Input material -
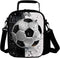 Lunch Tote, 2019 Upgrade Insulated Football Lunch Bag- Waterproof Reusable Lunch Box Portable Meal Bag Ice Pack for Kids Boys Girls -Black...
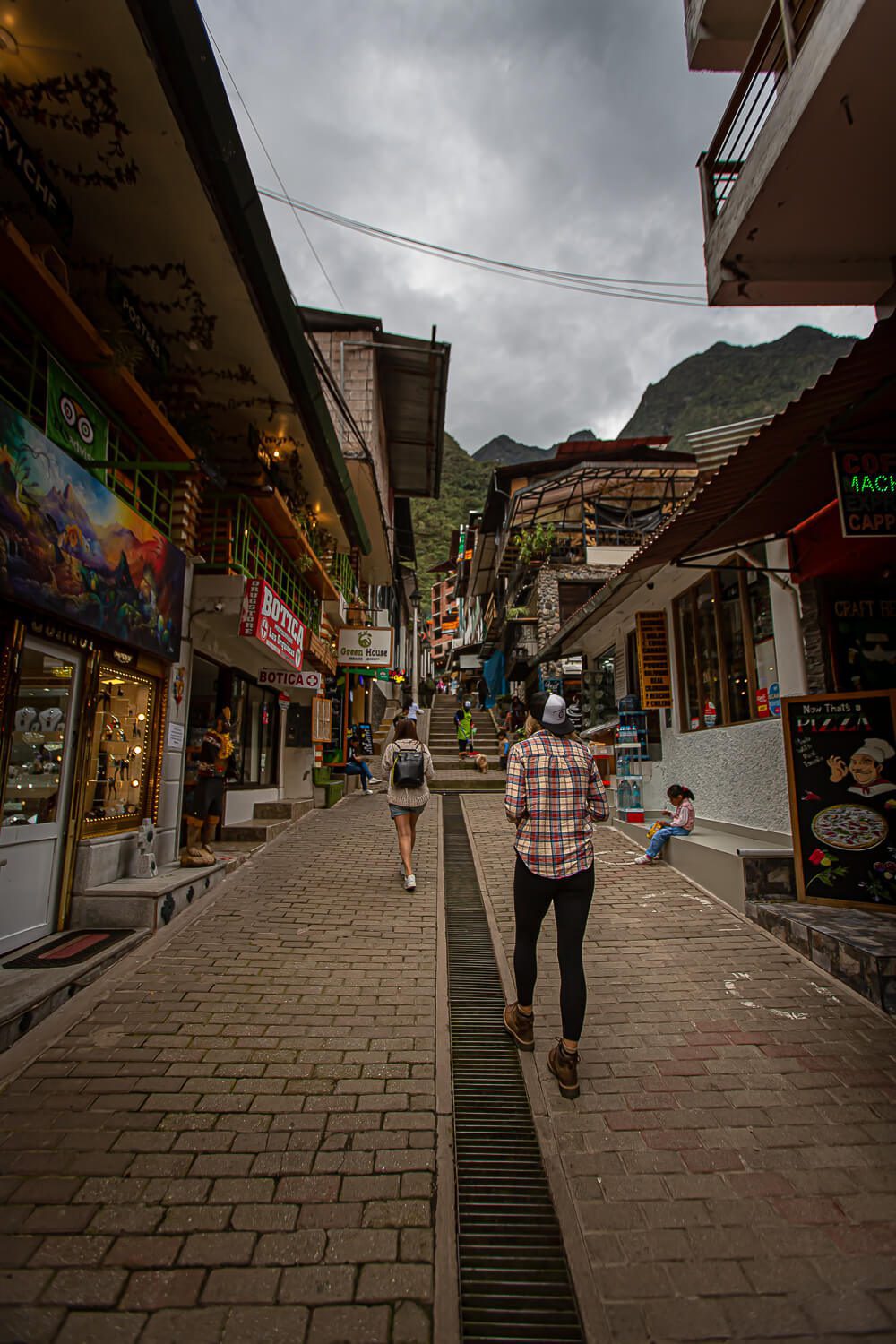 Roaming around Aguas Calientes town at the base of Machu Picchu 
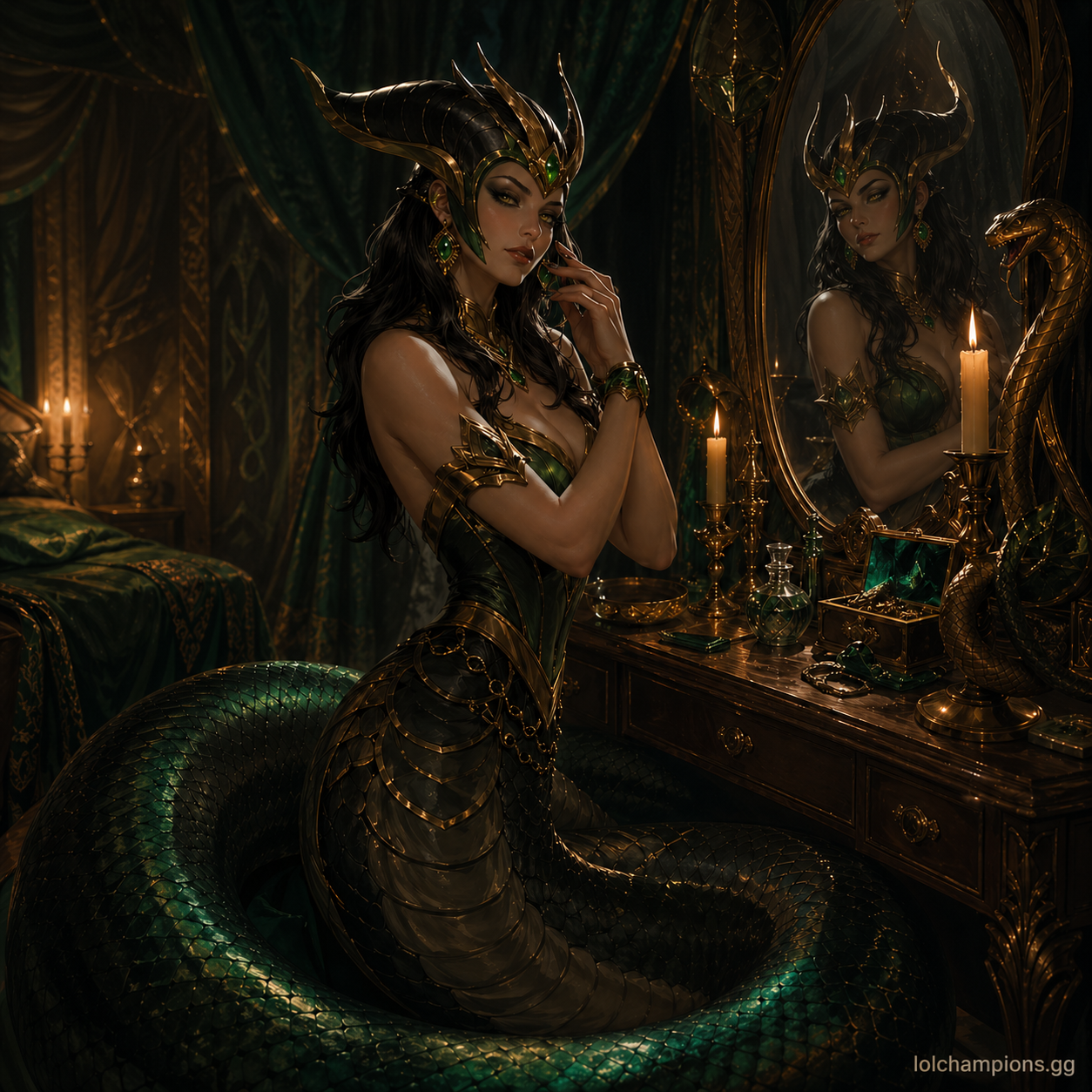 Cassiopeia Fan Art 3 for League of Legends
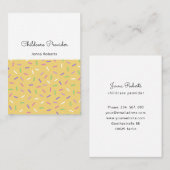 Modern, kleurvol patroon visitekaartje (Voorkant / Achterkant)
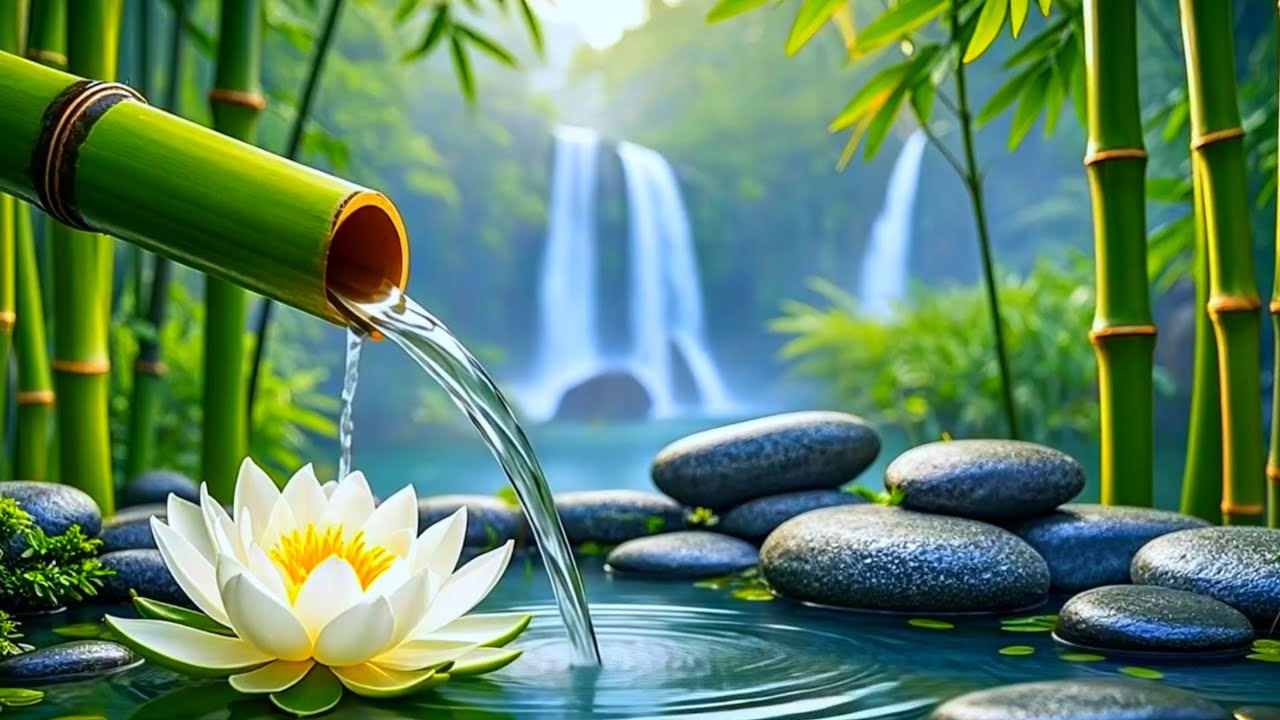 Relaxing Spa Music - Beautiful Peaceful, Calm Music, Meditation, Nature Sounds, Bamboo Water Sounds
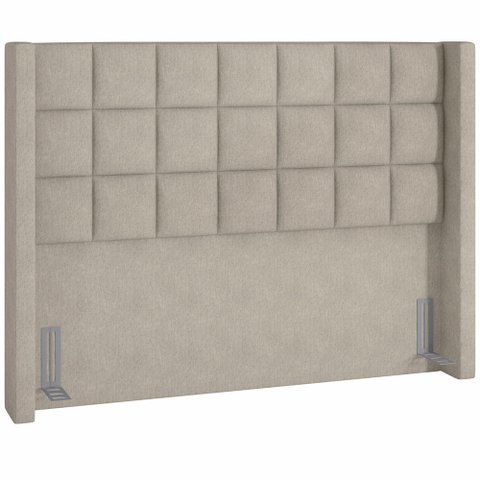 Cabeceira Cama Box King 195 Cm P05 Paris Linho Bege Escuro - Lyam Decor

Problem description - Please restate the lines above exactly, starting at the first line of the data and stopping at the line containing "Modern, kleurvol patroon", which is included. Omit pictures.

Solution to this exercise -
 Lunch Tote, 2019 Upgrade Insulated Football Lunch Bag- Waterproof Reusable Lunch Box Portable Meal Bag Ice Pack for Kids Boys Girls -Black...
 Roaming around Aguas Calientes town at the base of Machu Picchu 
 Cassiopeia Fan Art 3 for League of Legends
 Modern, kleurvol patroon visitekaartje (Voorkant / Achterkant)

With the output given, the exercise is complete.